About Me

I’m an undergraduate from College of Computer Science, Zhejiang University.

My research interest includes natural language processing, multimodal models and image editing.

I am very fortunate to be advised by Prof. SiLiang Tang and Prof. Juncheng Li of DCD Lab from School of Computer Science, Zhejiang University.

You can find my CV here: Xiaoyang Wan’s Curriculum Vitae.

Email / Github

My Research Experience

Here is my research experience. I am interested in the intersect of large language model and image comprehension. You are welcome to contact with me.


AnyEdit: Unified High-Quality Image Edit with Any Idea (Accepted By CVPR 2025)

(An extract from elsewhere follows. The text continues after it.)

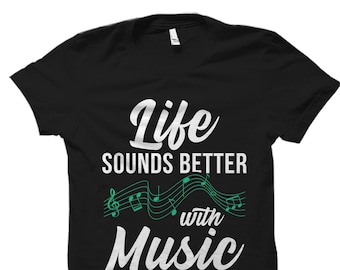 Music Shirt. Musician Shirt. Musician Gifts. Drummer Shirt. Music Lover Gift. Music Teacher Shirt. Gift For Musician. Funny Musician #OS5400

Advisors: Juncheng Li, Aug 2024 - Jan 2025

  • Debugged and optimized existing image editing pipelines, including diffusion models and HuggingFace frameworks, to address challenges in large-scale image editing tasks.
  • Configured and executed various scripts for the AnyEdit project, including setting up the environment(e.g., Conda), downloading pre-trained weights, and running multiple pipelines with specified parameters.
  • Compared performance across pipelines to identify the ideal model for a certain task, analyzing results for accuracy, efficiency, and visual consistency for move&resize pipeline. And use masks of different objects in the image to identify the most ideal object for the task.
  • Designed and implemented a checkpoint save-and-resume mechanism, allowing the system to automatically save progress and resume operations seamlessly after interruptions.

Contextual Synthesis for Comprehensive Multi-modal Description

Collaborate with Hongjun Liu, Mar 2024 - Jun 2024

  • Built a Retrieval-Augmented Generation (RAG) knowledge base by constructing datasets that pair comic images with contextual information retrieved from Wikipedia, utilizing Contriver, a powerful multilingual and cross-lingual retrieval model.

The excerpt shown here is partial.